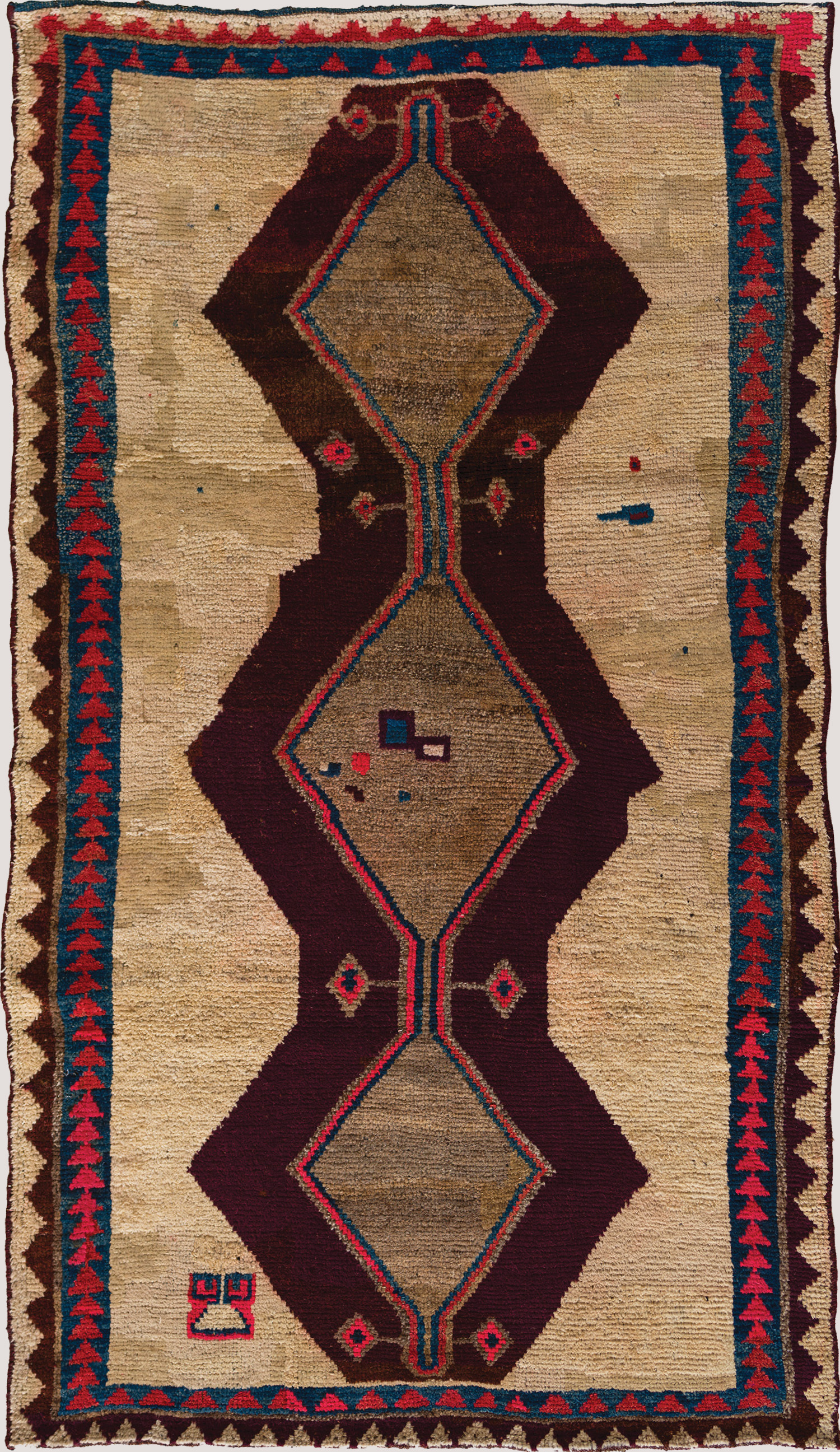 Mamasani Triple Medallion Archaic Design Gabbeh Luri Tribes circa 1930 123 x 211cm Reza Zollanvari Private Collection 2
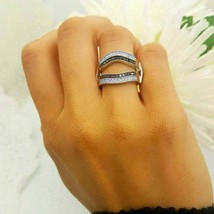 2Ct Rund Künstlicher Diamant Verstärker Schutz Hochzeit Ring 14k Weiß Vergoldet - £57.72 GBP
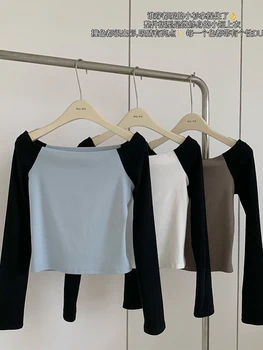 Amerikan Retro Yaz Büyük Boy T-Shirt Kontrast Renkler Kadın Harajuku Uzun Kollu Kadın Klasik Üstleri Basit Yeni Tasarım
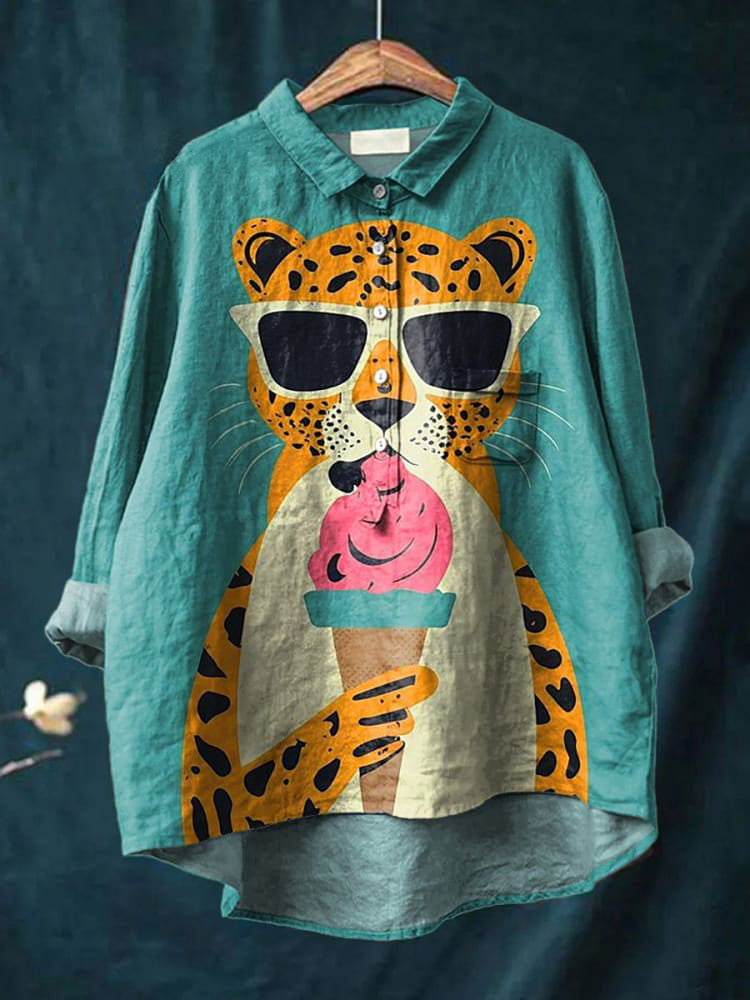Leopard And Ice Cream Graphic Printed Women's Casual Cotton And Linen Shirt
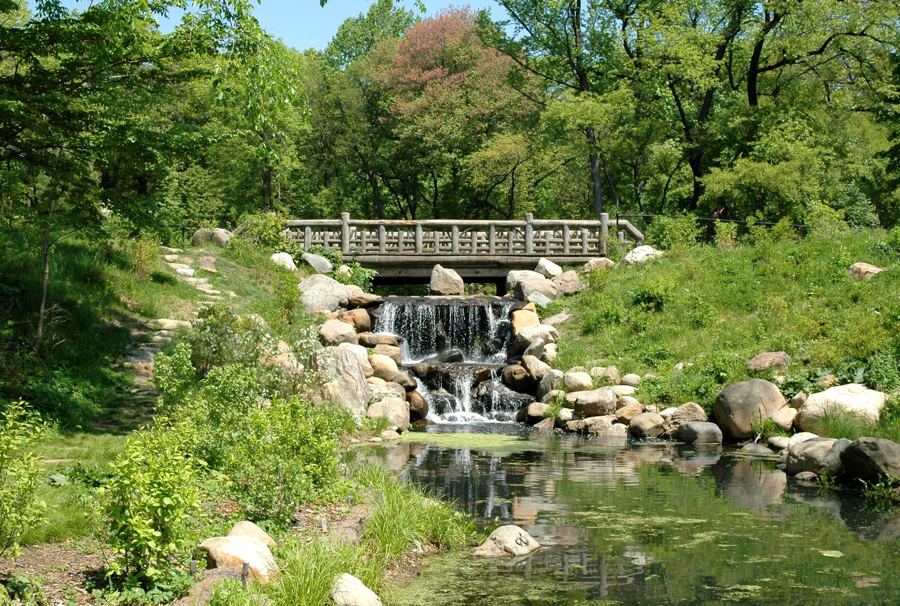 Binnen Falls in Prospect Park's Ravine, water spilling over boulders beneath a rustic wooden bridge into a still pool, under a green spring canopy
○ ○ ○ ○ ○ ○ ○
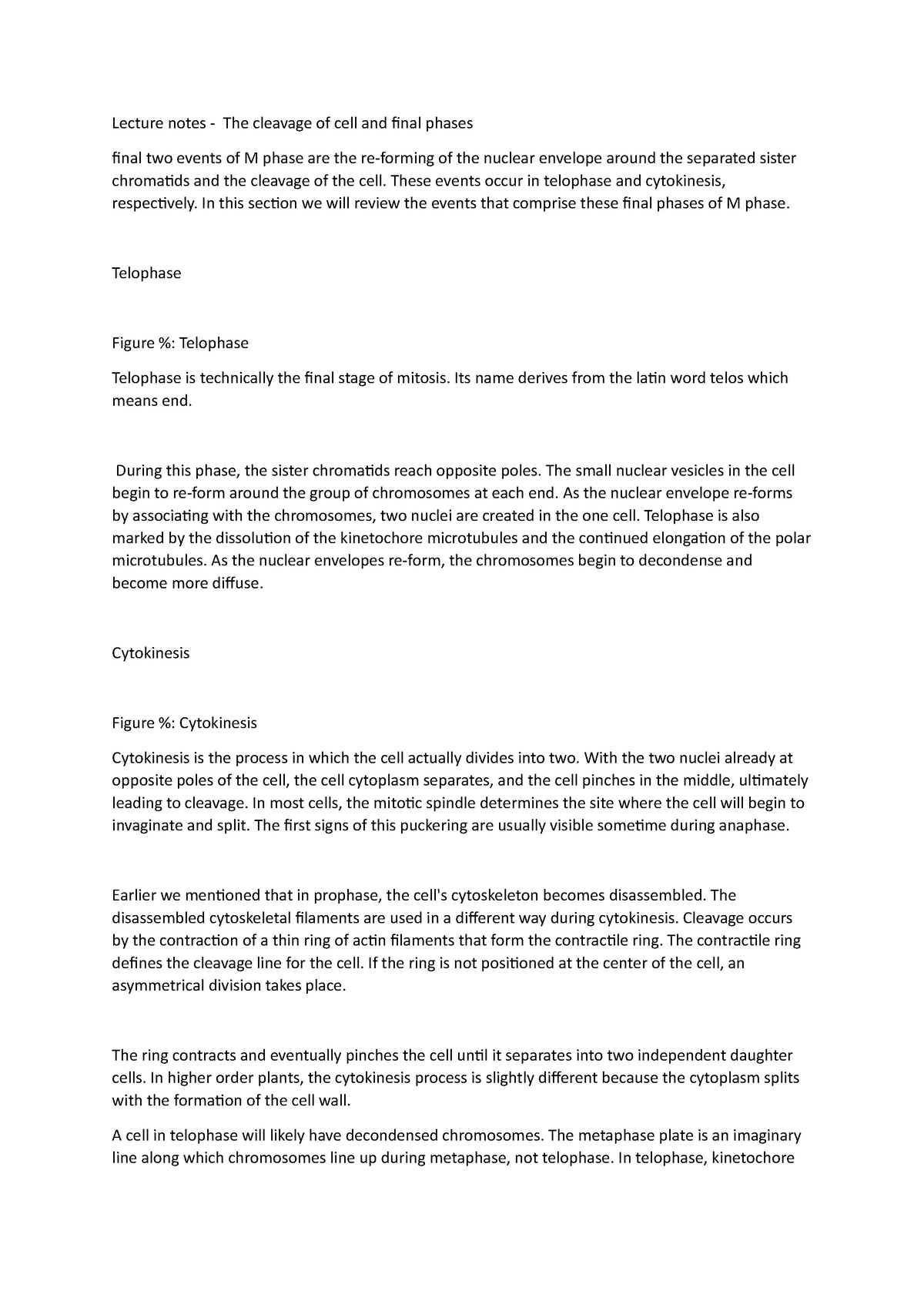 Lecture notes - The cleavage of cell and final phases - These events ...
○ ○ ○ ○ ○ ○ ○
## Exercise requirements
Only the lines above from the one with "Mamasani Triple Medallion" to the one with "Amerikan Retro Yaz" should be printed, both included and exactly as written; no picture belongs in the copy.

## Response to this task
 Mamasani Triple Medallion Archaic Design Gabbeh Luri Tribes circa 1930 123 x 211cm Reza Zollanvari Private Collection 2
 2Ct Rund Künstlicher Diamant Verstärker Schutz Hochzeit Ring 14k Weiß Vergoldet - £57.72 GBP
 Amerikan Retro Yaz Büyük Boy T-Shirt Kontrast Renkler Kadın Harajuku Uzun Kollu Kadın Klasik Üstleri Basit Yeni Tasarım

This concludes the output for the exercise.